# TO DO
Transcribe exactly, and only, the lines running from the one with "Fujifilm, Fuji X-Pro2" to the end of the entries below, both included, without any pictures.

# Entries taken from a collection
────

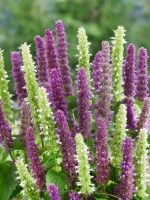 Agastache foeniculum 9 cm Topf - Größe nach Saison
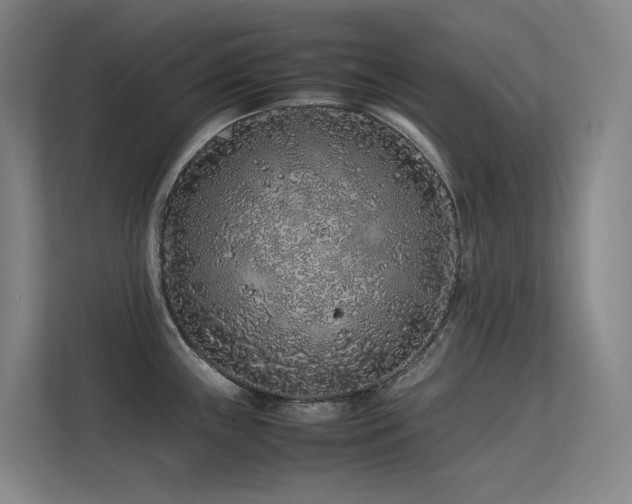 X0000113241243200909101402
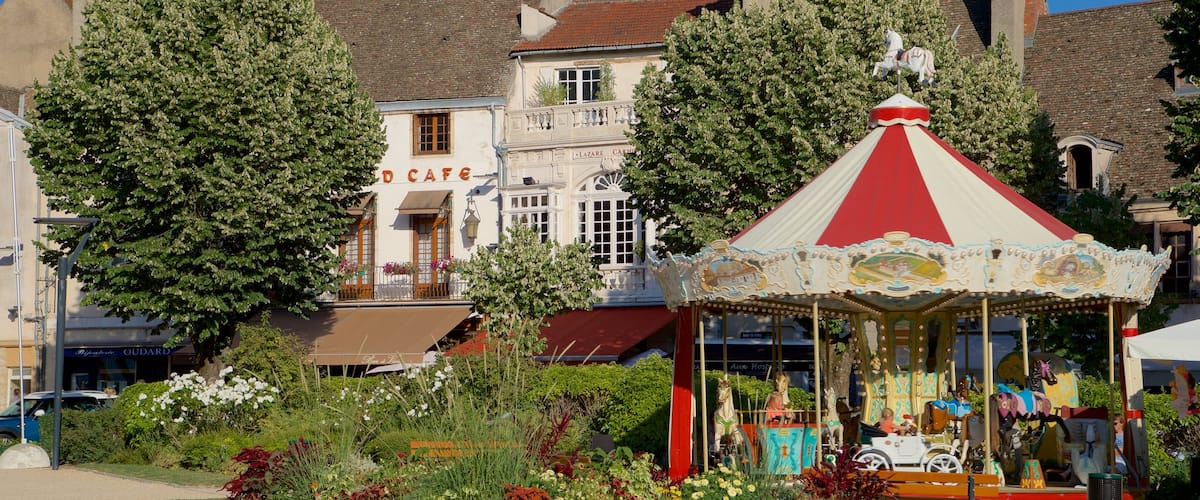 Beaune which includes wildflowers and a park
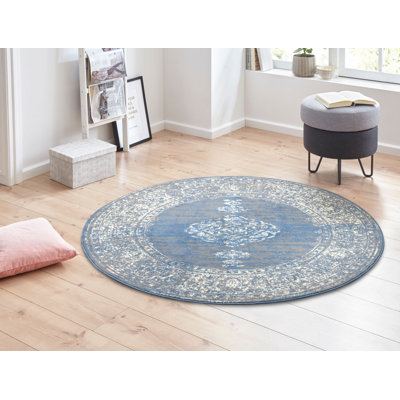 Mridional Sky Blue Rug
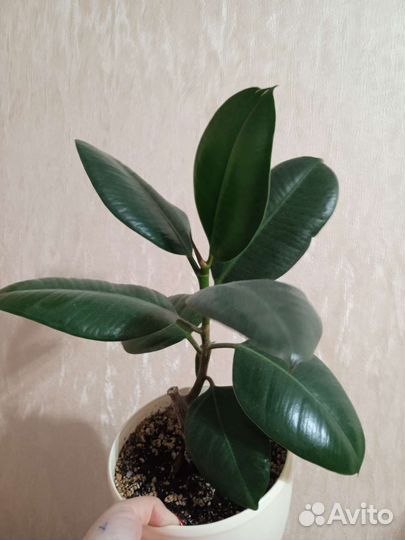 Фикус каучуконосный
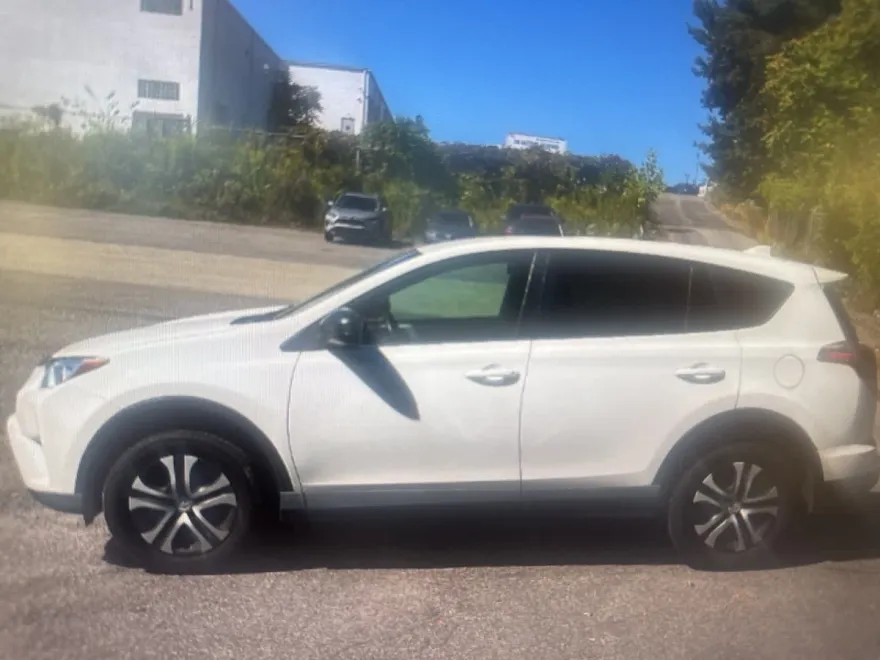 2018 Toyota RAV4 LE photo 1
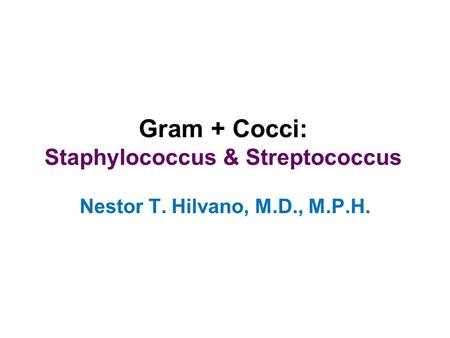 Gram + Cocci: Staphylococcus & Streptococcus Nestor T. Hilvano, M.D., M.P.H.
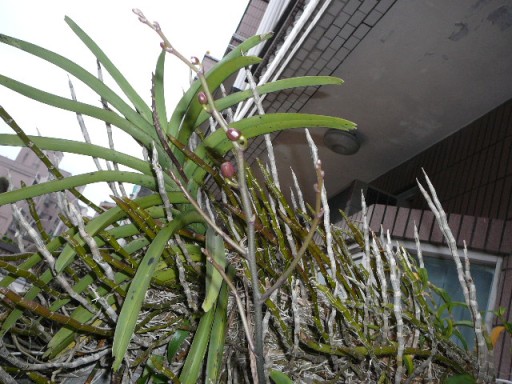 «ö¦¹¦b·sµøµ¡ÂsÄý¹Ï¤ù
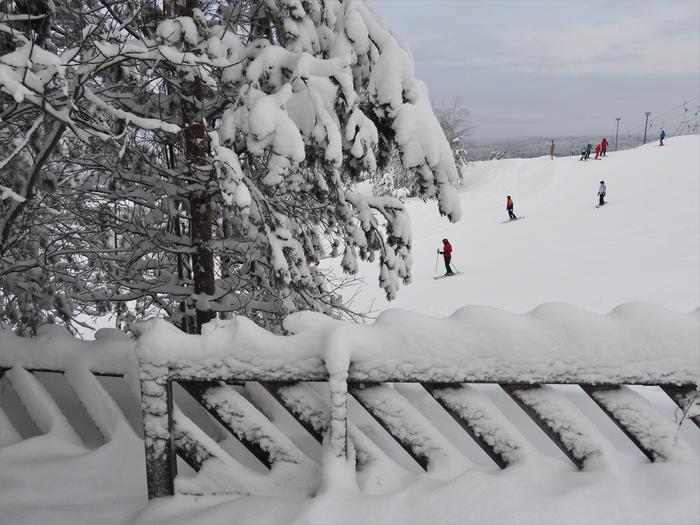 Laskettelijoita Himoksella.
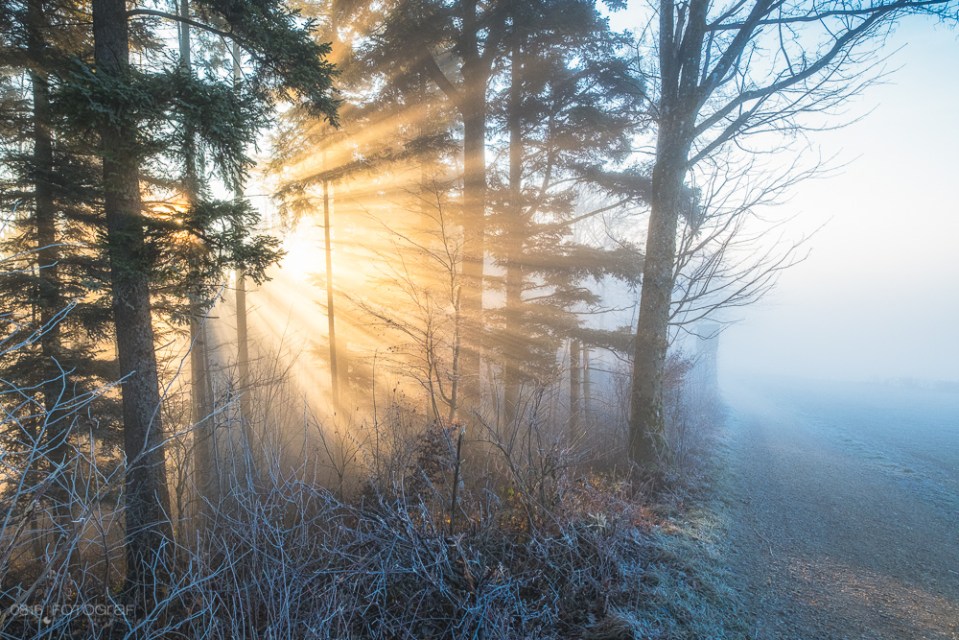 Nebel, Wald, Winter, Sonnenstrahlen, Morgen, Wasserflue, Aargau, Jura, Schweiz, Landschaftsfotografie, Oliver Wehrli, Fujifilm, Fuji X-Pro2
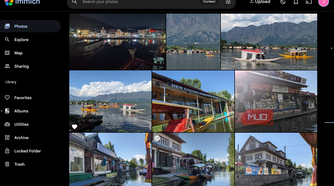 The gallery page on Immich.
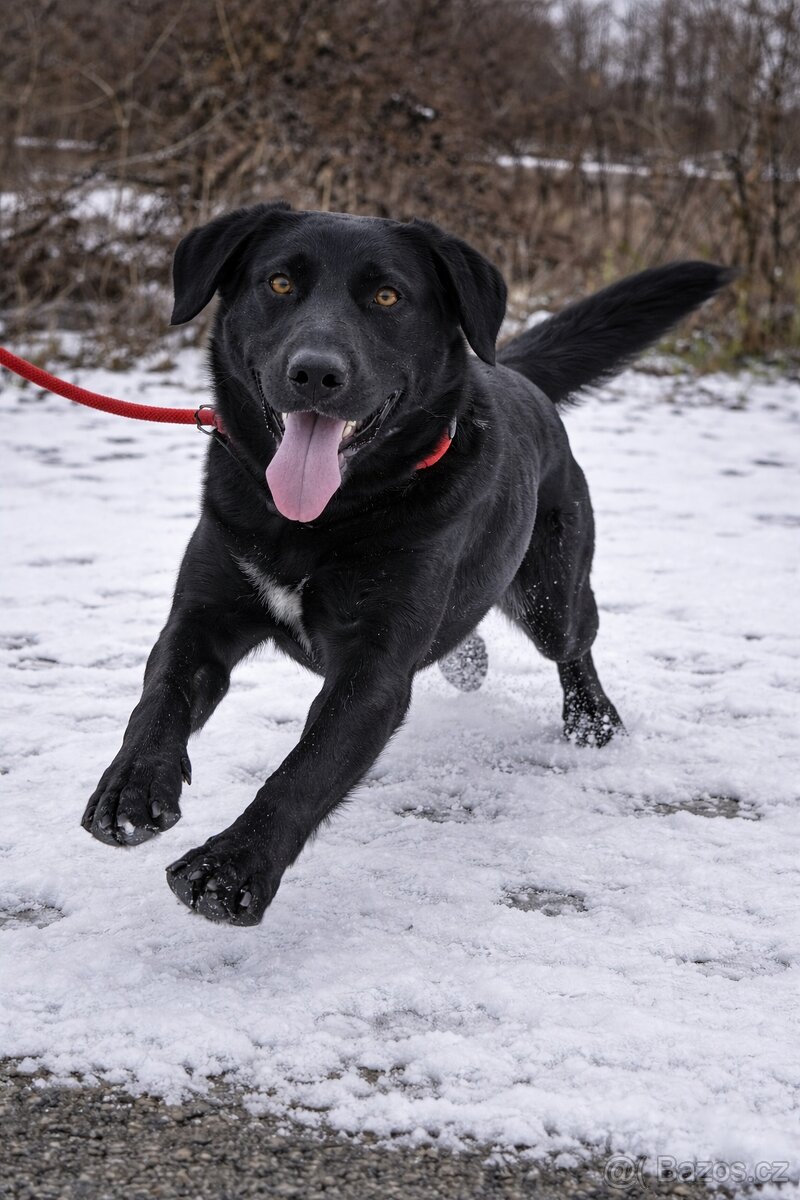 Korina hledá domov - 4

────

# WRITTEN SOLUTION
 Nebel, Wald, Winter, Sonnenstrahlen, Morgen, Wasserflue, Aargau, Jura, Schweiz, Landschaftsfotografie, Oliver Wehrli, Fujifilm, Fuji X-Pro2
 The gallery page on Immich.
 Korina hledá domov - 4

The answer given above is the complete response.